YOUR ASSIGNMENT: Your copy should match the listing below exactly, except that it holds no images.

- - - - -

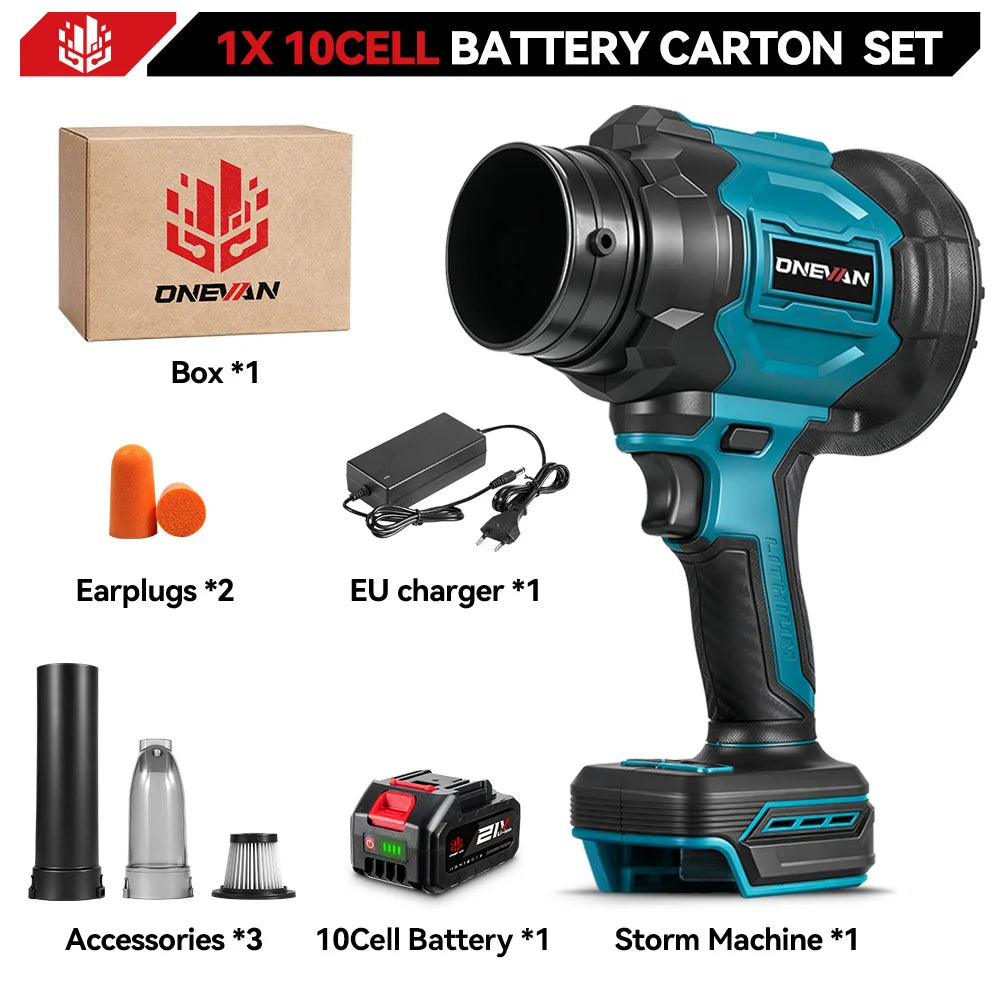 ONEVAN 350M/S Borstelloze Elektrische Turbo Blower Jet Fan 2-in-1 Stofzuigende Bladblazer Stofblaasgereedschap voor Makita 18V Batterij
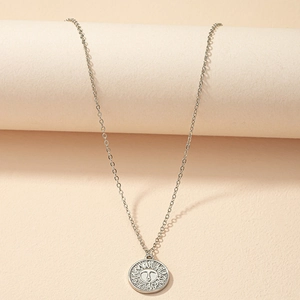 Retro silver sun god coin pendant necklace with elegant O-chain for daily fashion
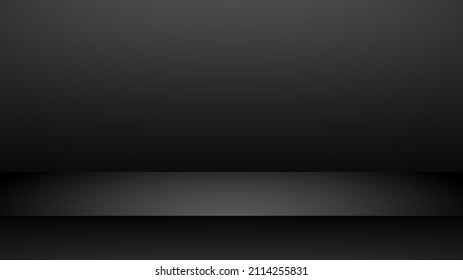 Black Backdrop  minimal abstract background , display product  stand to show cosmetic products ,illustration 3d Vector EPS 10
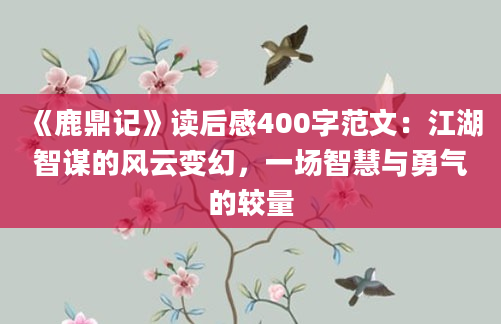 《鹿鼎记》读后感400字范文：江湖智谋的风云变幻，一场智慧与勇气的较量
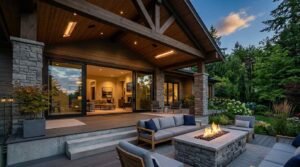 Covered timber frame patio addition featuring stacked stone columns, ceiling radiant heaters, large sliding glass doors, composite deck steps, and a stone fire pit table with outdoor seating at twilight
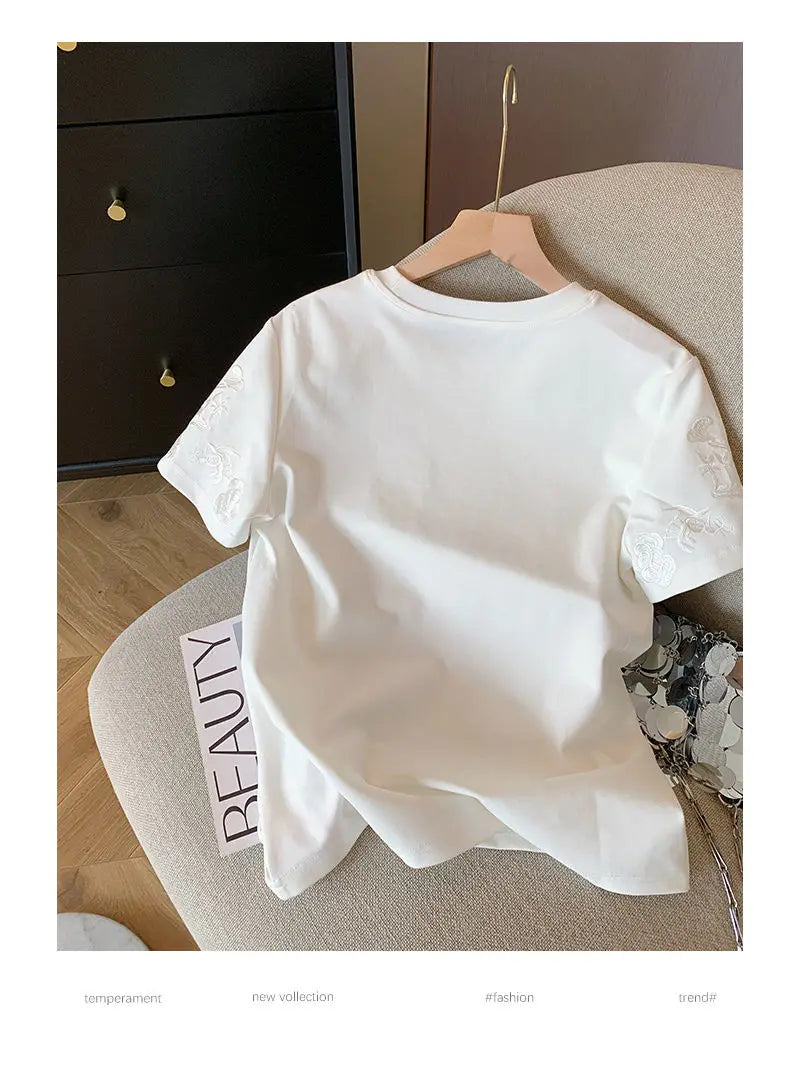 Women Clothing Summer Fashion Vintage Embroidery White Cotton Basic T Shirt Female Simple Casual O Neck Short Sleeve Loose Tops — image 14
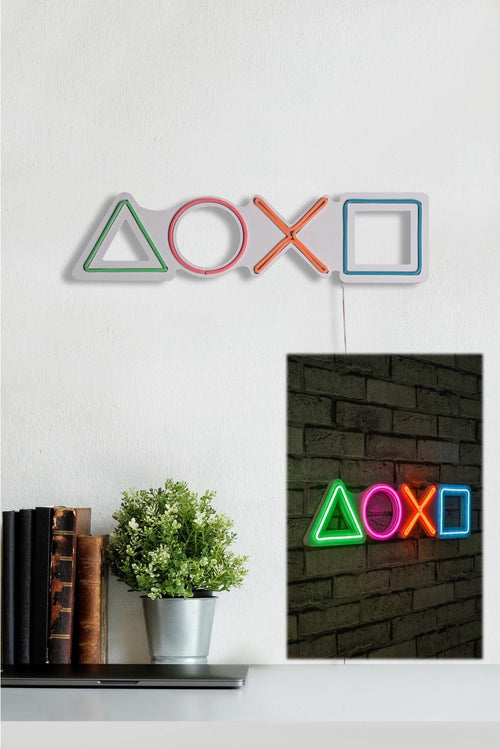 Asir Decorazione da parete con illuminazione LED Play Station Multicolore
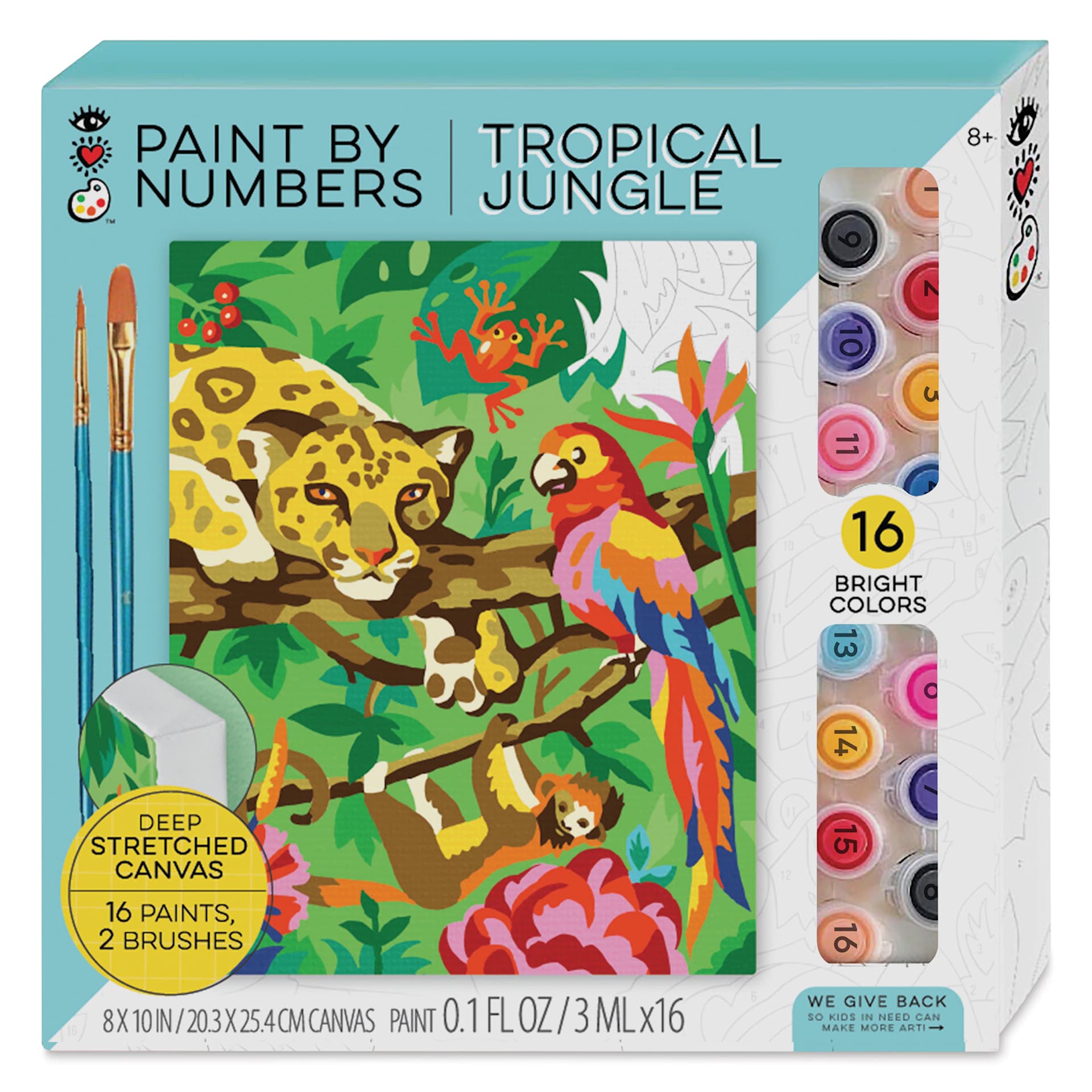 Bright Stripes iHeartArt Paint By Number Kit - Tropical Jungle, front of packaging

- - - - -

OUTPUT FOR THIS EXERCISE:
 ONEVAN 350M/S Borstelloze Elektrische Turbo Blower Jet Fan 2-in-1 Stofzuigende Bladblazer Stofblaasgereedschap voor Makita 18V Batterij
 Retro silver sun god coin pendant necklace with elegant O-chain for daily fashion
 Black Backdrop  minimal abstract background , display product  stand to show cosmetic products ,illustration 3d Vector EPS 10
 《鹿鼎记》读后感400字范文：江湖智谋的风云变幻，一场智慧与勇气的较量
 Covered timber frame patio addition featuring stacked stone columns, ceiling radiant heaters, large sliding glass doors, composite deck steps, and a stone fire pit table with outdoor seating at twilight
 Women Clothing Summer Fashion Vintage Embroidery White Cotton Basic T Shirt Female Simple Casual O Neck Short Sleeve Loose Tops — image 14
 Asir Decorazione da parete con illuminazione LED Play Station Multicolore
 Bright Stripes iHeartArt Paint By Number Kit - Tropical Jungle, front of packaging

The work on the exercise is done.